Hi,
On 21.02.22 10:31, Kurt Garloff wrote:
Hi Olga,
On 21.02.22 02:19, Kornievskaia, Olga wrote:
[...]
Is it possible for you to provide a network trace?
Yes.
Is tcpdump what you'd like to see? wireshark's dumpcap?
Any NFS specific tracing tools I should be using?
One trace with a working kernel and one with the broken one?
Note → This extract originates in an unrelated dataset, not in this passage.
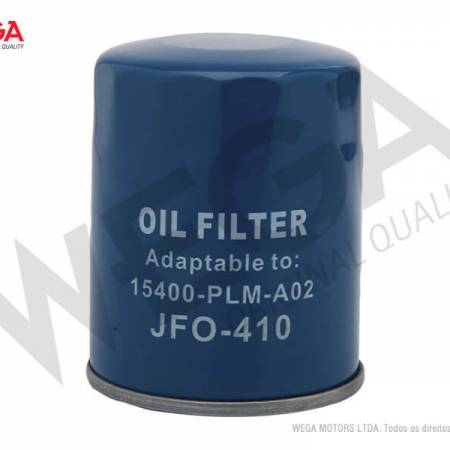Filtro De Óleo Honda Civic Crv Fit Hrv Wega Jfo410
Comparing the good and the bad trace ...
mount -t nfs 192.168.155.74:/Public /mnt/Public
against Qnap 4.3.4.xxx NFS v4.1 server.
Both do:
Establish conn
NFS NULL (ack)
NFS EXCHANGE_ID (4.2 -> NFS4ERR_MINOR_VERS_MISMATCH)
Teardown and reestablish
NFS NULL (ack)
NFS EXCAHNGE_ID (4.1 -> ack)
NFS EXCAHNGE_ID (4.1 -> ack)
NFS CREATE_SESSION (ack)
NFS RECLAIM_COMPLETE (CB_NULL, ack)
NFS_SECINFO_NO_NAME (ack)
NFS PUTROOTFH|GETATTR (ack)
NFS GETATTR FH:0x62d40c52 (ack), 8 times
NFS ACCESS FH_ -x62d40c52 (denied md xt dl, alllowed rd lu)
NFS LOOKUP DH:0x62d40c52/Public (ack)
NFS LOOKUP DH:0x62d40c52/Public (ack)
NFS GETATTR FH:0x8ee88cee (ack), 3 times
Now the differences start:
The fixed NFS client repeatedly gets ack back, the broken NFS client gets
NFS GETATTR FH:0x8ee88cee (NFS4ERR_DELAY), repeating forever (exp. backoff)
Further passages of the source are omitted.